● EXERCISE MATERIAL:

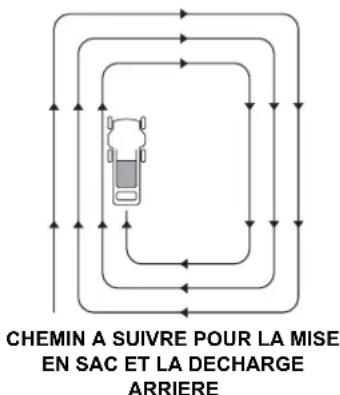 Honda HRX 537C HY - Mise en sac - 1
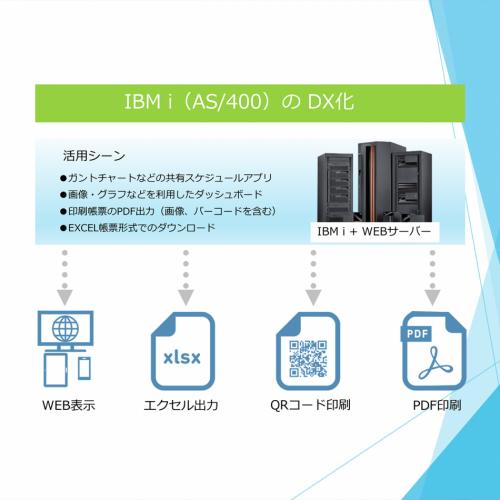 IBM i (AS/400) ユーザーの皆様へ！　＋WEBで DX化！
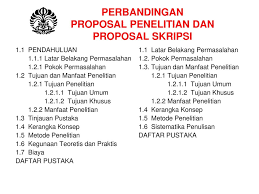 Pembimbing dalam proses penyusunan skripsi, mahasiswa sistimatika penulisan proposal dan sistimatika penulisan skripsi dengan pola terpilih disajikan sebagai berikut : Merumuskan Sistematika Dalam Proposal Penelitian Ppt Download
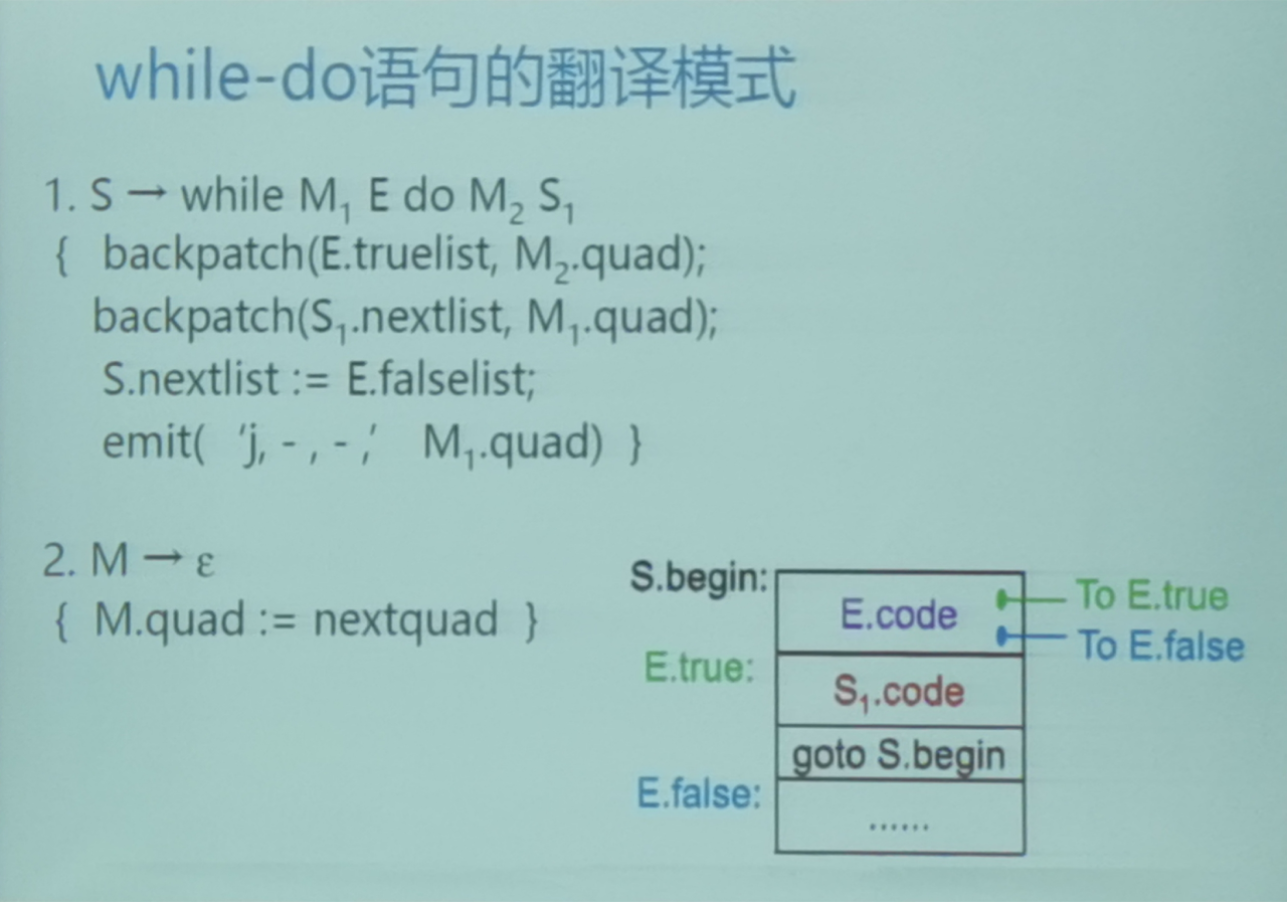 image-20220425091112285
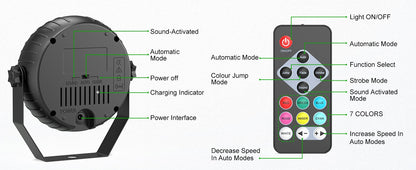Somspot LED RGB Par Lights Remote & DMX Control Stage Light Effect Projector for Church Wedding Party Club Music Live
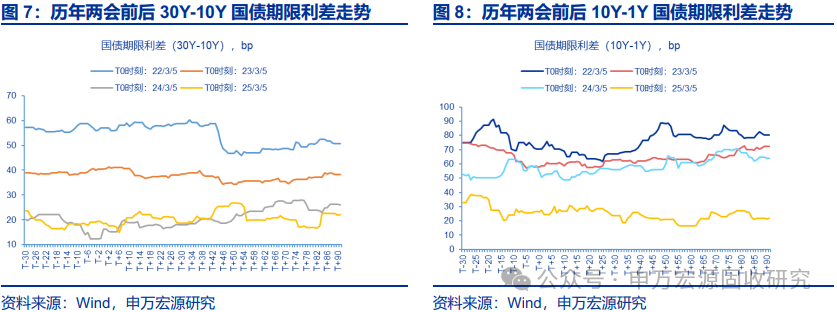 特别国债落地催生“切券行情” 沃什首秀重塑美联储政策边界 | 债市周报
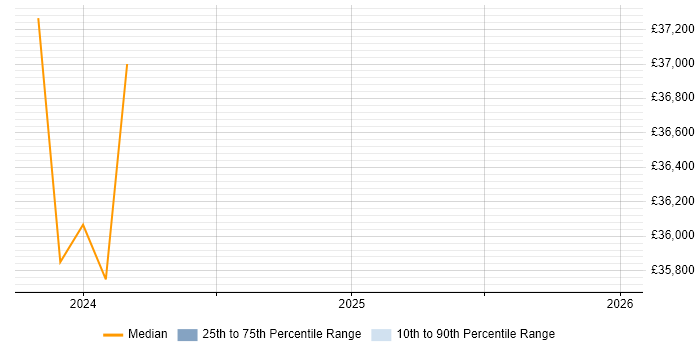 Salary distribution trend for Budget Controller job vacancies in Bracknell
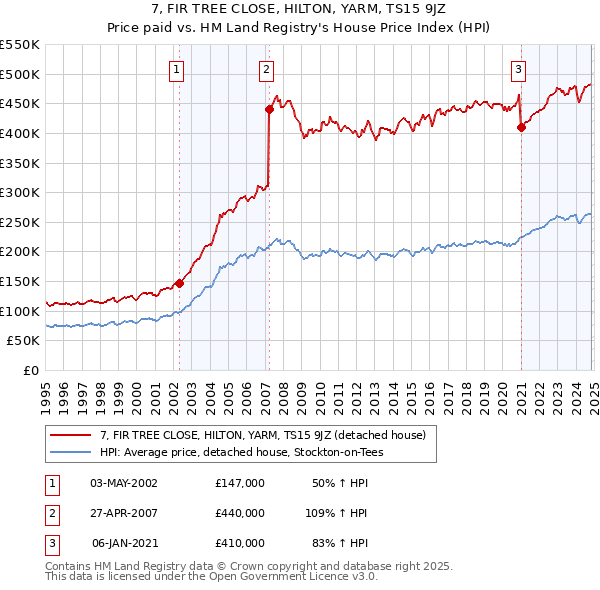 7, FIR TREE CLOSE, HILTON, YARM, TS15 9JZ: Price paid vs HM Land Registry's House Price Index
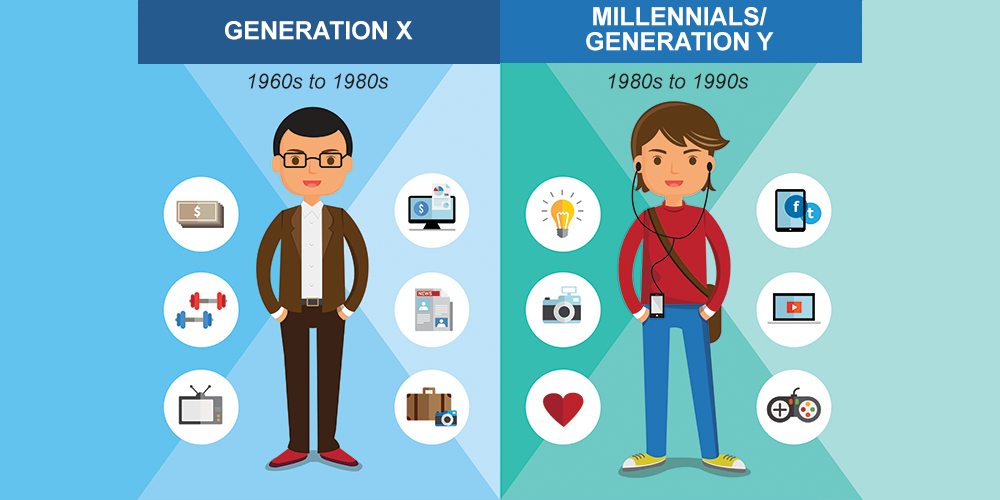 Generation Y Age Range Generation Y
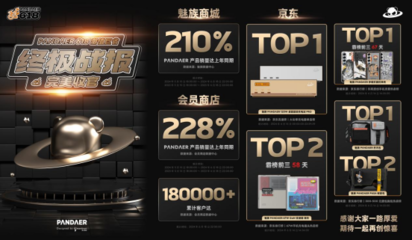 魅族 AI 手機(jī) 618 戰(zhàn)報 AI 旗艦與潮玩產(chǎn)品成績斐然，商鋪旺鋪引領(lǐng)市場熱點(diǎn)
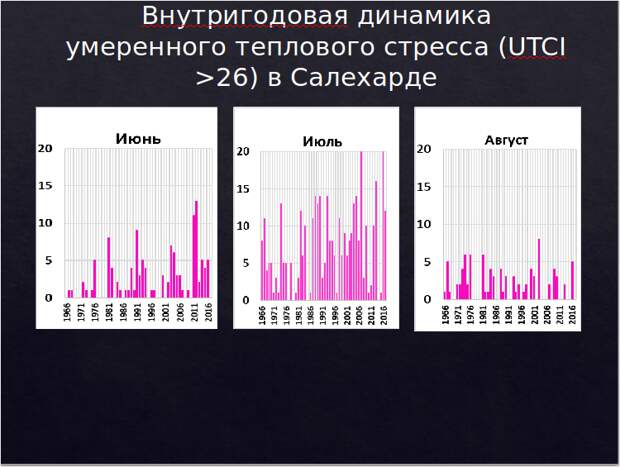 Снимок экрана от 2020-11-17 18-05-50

● EXERCISE DIRECTIONS: Make an exact copy of the lines from the top of the material through the line with "Somspot LED RGB", pictures excluded.

● SOLUTION:
 Honda HRX 537C HY - Mise en sac - 1
 IBM i (AS/400) ユーザーの皆様へ！　＋WEBで DX化！
 Pembimbing dalam proses penyusunan skripsi, mahasiswa sistimatika penulisan proposal dan sistimatika penulisan skripsi dengan pola terpilih disajikan sebagai berikut : Merumuskan Sistematika Dalam Proposal Penelitian Ppt Download
 image-20220425091112285
Somspot LED RGB Par Lights Remote & DMX Control Stage Light Effect Projector for Church Wedding Party Club Music Live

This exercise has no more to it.